The M3 Pro being nerfed has been parroted on the Internet since the announcement. Practically it’s a great choice. It’s much more efficient than the M2 Pro at slightly better performance. That’s what I am looking for in a laptop. I don’t really have a usecase for the memory bandwidth…
The M3 Pro and Max get virtually identical results in battery tests, e.g. https://www.tomsguide.com/news/macbook-pro-m3-and-m3-max-bat.... The Pro may be a perfectly fine machine, but Apple didn't remove cores to increase battery life; they did it to lower costs and upsell the Max.
AI is the main use case for memory bandwidth that I know of. Local LLM’s are memory bandwidth limited when running inference, so once you fall into that trap you end up wanting the 400 gb/s max memory bandwidth of the m1/m2/m3 max, paired with lots and lots of RAM. Apple pairs memory size and bandwidth upgrades to core counts a lot more in m3 which makes the m3 line-up far more expensive than the m2 line-up to reach comparable LLM performance. Them touting AI as a use case for the m3 line-up in the keynote was decidedly odd, as this generation is a step back when it comes to price vs performance.
I picked up an M3Pro/11/14/36GB/1TB to 'test' over the long holiday return period to see if I need an M3 Max. For my workflow (similar to blog post) - I don't! I'm very happy with this machine.
Die shots show the CPU cores take up so little space compared to GPUs on both the Pro and Max... I wonder why.
My experience was similar: In real world compile times, the M1 Pro still hangs quite closely to the current laptop M2 and M3 models. Nothing as significant as the differences in this article.
I could depend on the language or project, but in head-to-head benchmarks of identical compile commands I didn’t see any differences this big.
That's interesting you saw less of an improvement in the M2 than we saw in this article.
I guess not that surprising given the different compilation toolchains though, especially as even with the Go toolchain you can see how specific specs lend themselves to different parts of the build process (such as the additional memory helping linker performance).
You're not the only one to comment that the M3 is weirdly capped for performance. Hopefully not something they'll continue into the M4+ models.
Yep, there appears to be no reason for getting M3 Pro instead of M2 Pro, but my guess is that after this (unfortunate) adjustment, they got the separation they wanted (a clear hierarchy of Max > Pro > base chip for both CPU and GPU power), and can then improve all three chips by a similar amount in the future generations.
I also made this calculation recently and ended up getting an M1 Pro with maxed out memory and disk.
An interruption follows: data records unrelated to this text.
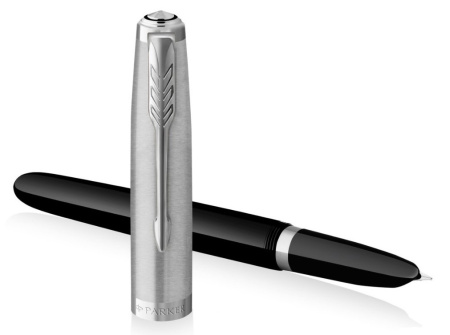 Ручка перьев. Parker 51 Core (CW2123491) Black CT F сталь нержавеющая подар.кор.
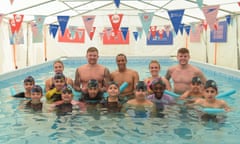 Speedo Swim United ambassadors (back L-R) Anna Hopkin, Adam Peaty, Michael Gunning, Ellie Simmonds and Matt Richards launching the pop-up pool programme with children at Shireland Hall primary school in Smethwick.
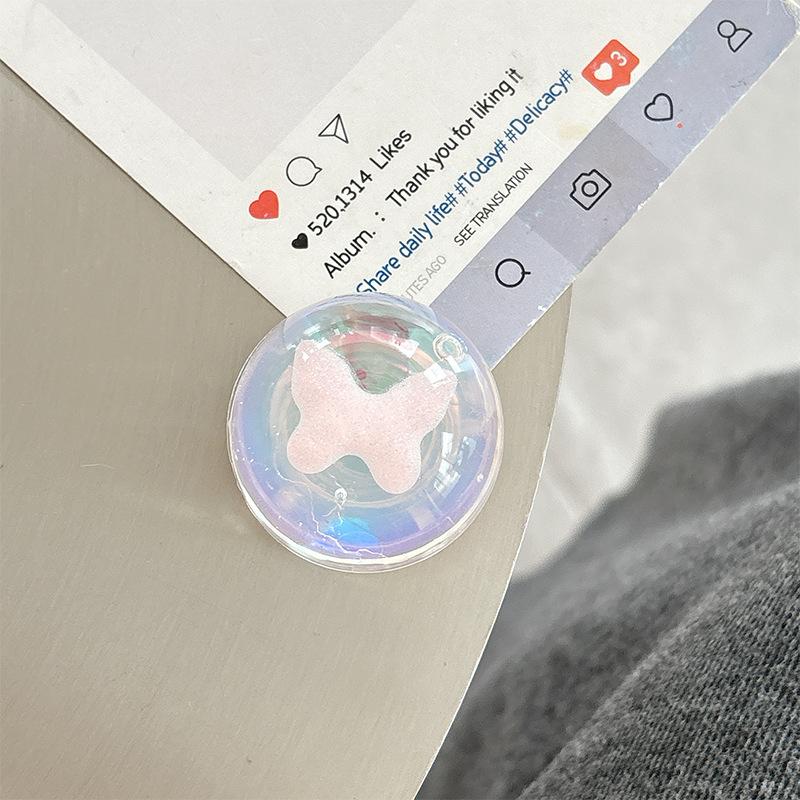 Wind Girl Heart Flower Bow Bear Transparent Airbag Mobile Phone Holder Paste Desktop Watch Chasing Drama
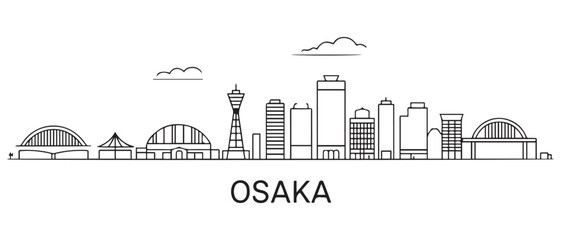 Obraz premium Osaka Line Art skyline. Black Osaka city. with white background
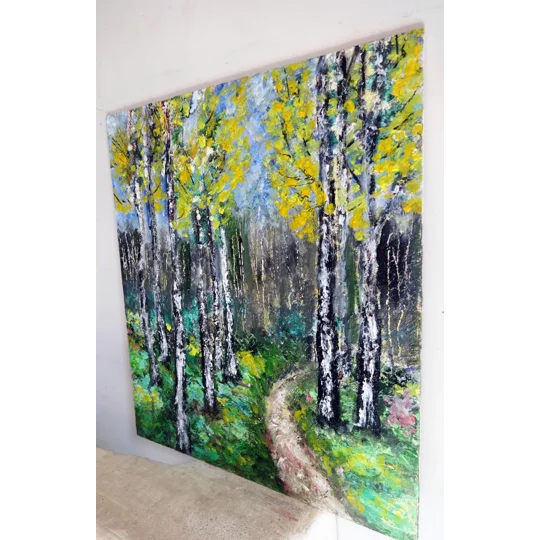 Birch Trees Textured Oil Painting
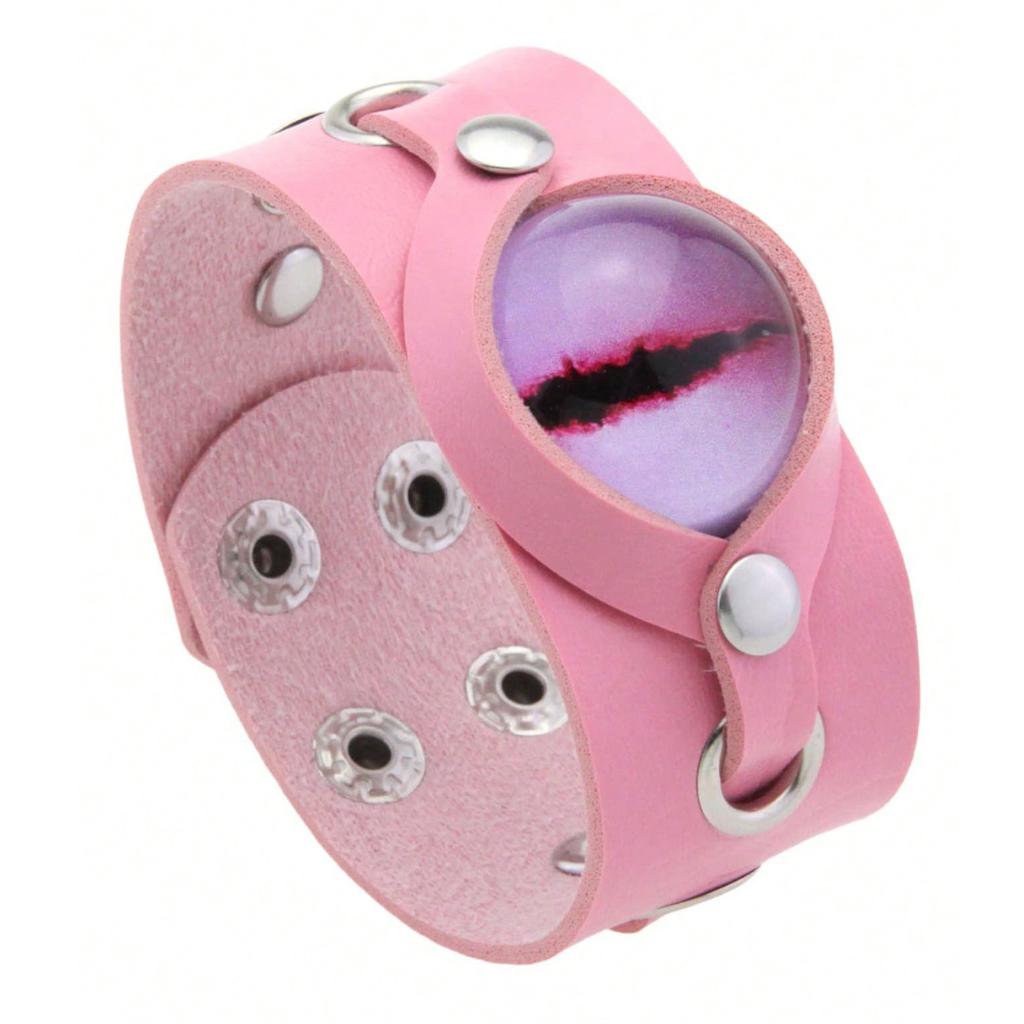 1 Punk Pink Rivet Creative Bracelet, Perfect Gift For Daily Holiday Parties, Halloween Carnival Performances, Rock And Roll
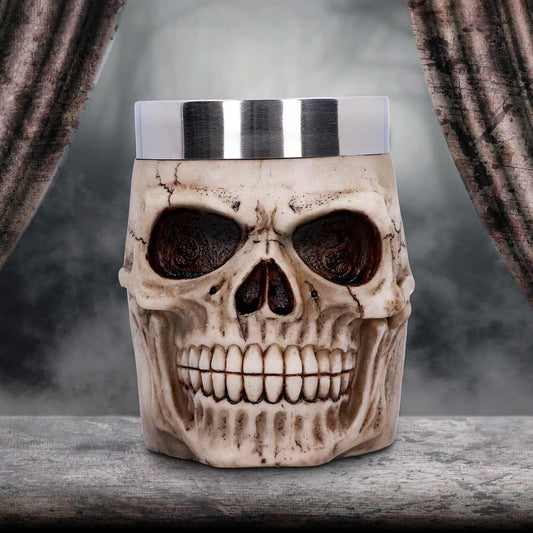Grinning Skull Gothic Tankard 16cm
It was a solid deal and it is an amazing computer.
I love my M1 MacBook Air for iOS development. One thing, I'd like to have from Pro line is the screen, and just the PPI part. While 120Hz is a nice thing to have, it won't happen on Air laptops.
I am ex-core contributor Chromium and Node.js and current core contributor to gRPC Core/C++.
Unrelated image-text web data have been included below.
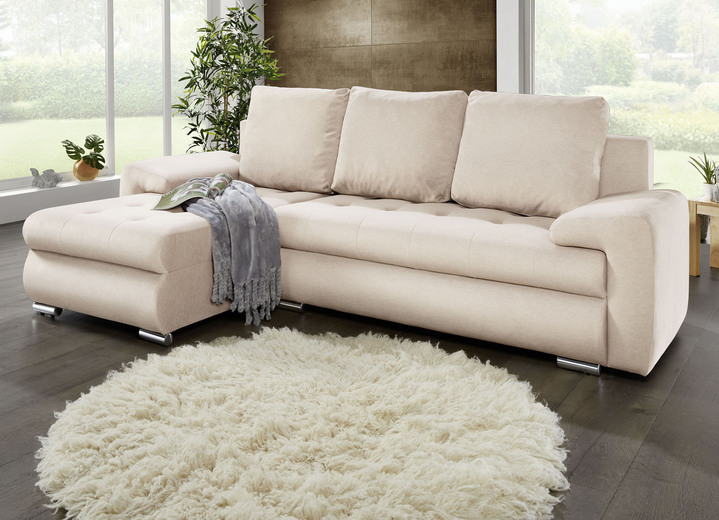 Funktions-Polstermöbel - Polsterecke mit Bettfunktion und Bettkasten, in Farbe CREME Ansicht 1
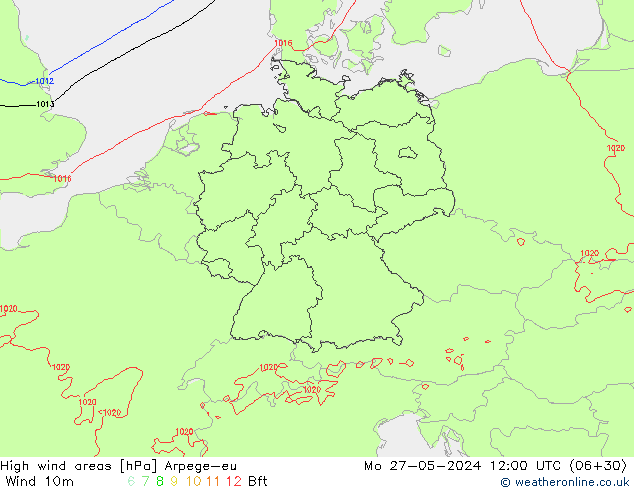 High wind areas Arpege-eu Mo 27.05.2024 12 UTC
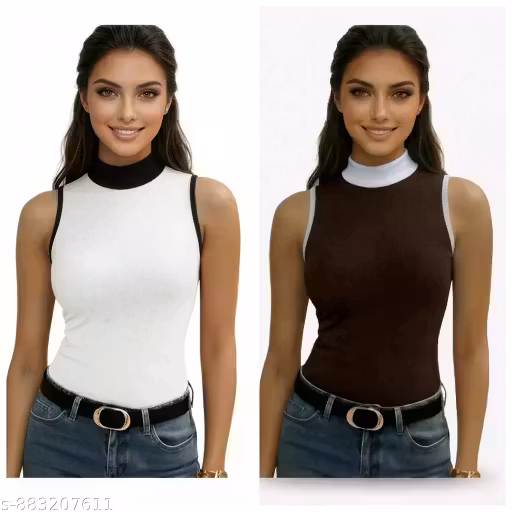 Elegant Sleeveless High-Neck Top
I am never bothered with build times. There is "interactive build" (incremental builds I use to rerun related unit tests as I work on code) and non-interactive build (one I launch and go get coffee/read email). I have never seen hardware refresh toggle non-interactive into interactive.
My personal hardware (that I use now and then to do some quick fix/code review) is 5+ year old Intel i7 with 16Gb of memory (had to add 16Gb when realized linking Node.js in WSL requires more memory).
My work laptop is Intel MacBook Pro with a touch bar. I do not think it has any impact on my productivity. What matters is the screen size and quality (e.g. resolution, contrast and sharpness) and storage speed. Build system (e.g. speed of incremental builds and support for distributed builds) has more impact than any CPU advances. I use Bazel for my personal projects.
Somehow programmers have come to accept that a minuscule change in a single function that only result in a few bytes changing in a binary takes forever to compile and link. Compilation and linking should be basically instantaneous. So fast that you don't even realize there is a compilation step at all.
Sure, release builds with whole program optimization and other fancy compiler techniques can take longer. That's fine. But the regular compile/debug/test loop can still be instant. For legacy reasons compilation in systems languages is unbelievably slow but it doesn't have to be this way.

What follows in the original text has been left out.